Radiological response training facility celebrates opening in Oak Ridge
Officials cut the ribbon to open the Emergency Response Training Facility in Oak Ridge.
Preventing radiological material from falling into the wrong hands or being used for nefarious purposes is a law enforcement concern. Government nuclear facilities are well protected for that very reason. Many hospitals, universities, and laboratories, however, also have radiological material that could be appealing to those wishing to do harm, and local law enforcement agencies may not always be prepared to respond to theft of these materials or to an emergency involving them.
With the grand opening of Tennessee’s Emergency Response Training Facility (ERTF) Monday, law enforcement personnel from across the state, nation, and globe now have access to a state-of-the-art location in which to train for various situations that could involve radiological material. At ERTF, first responders can learn from Y-12 National Security Complex trainers who are experts in radioactive sources.
The $15-million, 40,000-square-foot ERTF was funded by the State of Tennessee and developed by Roane County, led by the Roane Alliance. ERTF has teaching-staff offices, augmented and virtual reality rooms, and traditional classrooms to provide immersive first-responder training.
Community, economic benefits
ERTF is the first facility to begin operations at the Oak Ridge Enhanced Technology and Training Center (ORETTC), the new nuclear security and training campus funded by federal and state dollars.
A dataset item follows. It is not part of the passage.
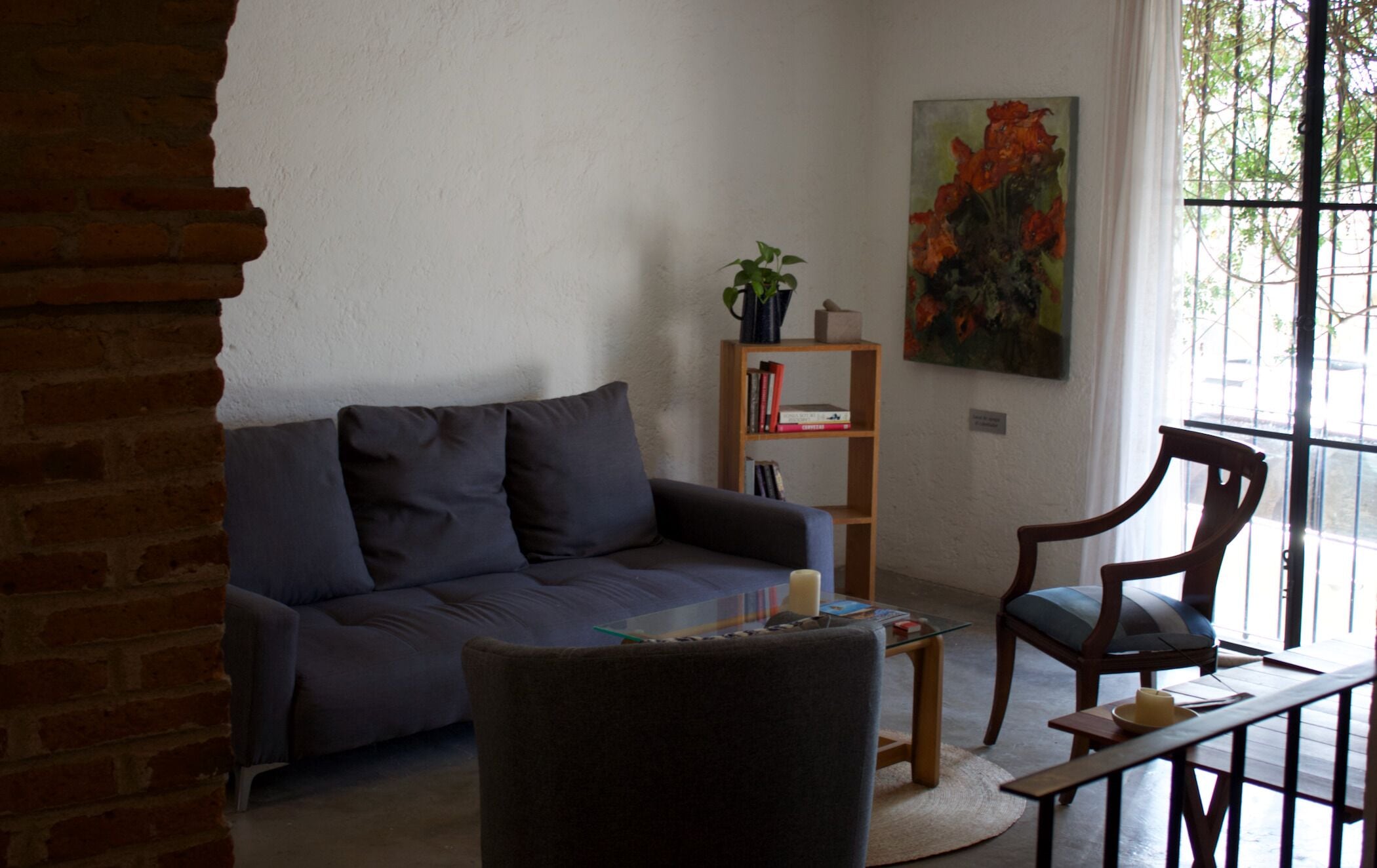 Apartment | Wohnbereich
The second facility will be the federally funded Simulated Nuclear and Radiological Activities Facility (SNRAF). When complete, SNRAF will serve as a technology demonstration space and train those responsible for safeguarding nuclear and radioactive material in the latest nuclear security, detection, and nonproliferation technologies.
“These facilities will not only provide a much-needed regional training venue, but also significant benefits to the local economy,” said Roane County Executive Wade Creswell.
Consolidated Nuclear Security (CNS) manages and operates Y-12. CNS President and CEO Rich Tighe noted that the trainees coming to ORETTC’s facilities will result in tax dollars for Tennessee and local governments. “Those dollars will fund education, infrastructure improvements, and other needs,” he said.
Setting the bar
The National Nuclear Security Administration’s (NNSA) Office of Global Material Security, one of the federal programs set to use the facility, will provide state-of-the-art training for law enforcement and other responders to prevent the theft of high-risk radioactive material. This training will improve the security of our homeland and build an international network of radiological and nuclear security practitioners.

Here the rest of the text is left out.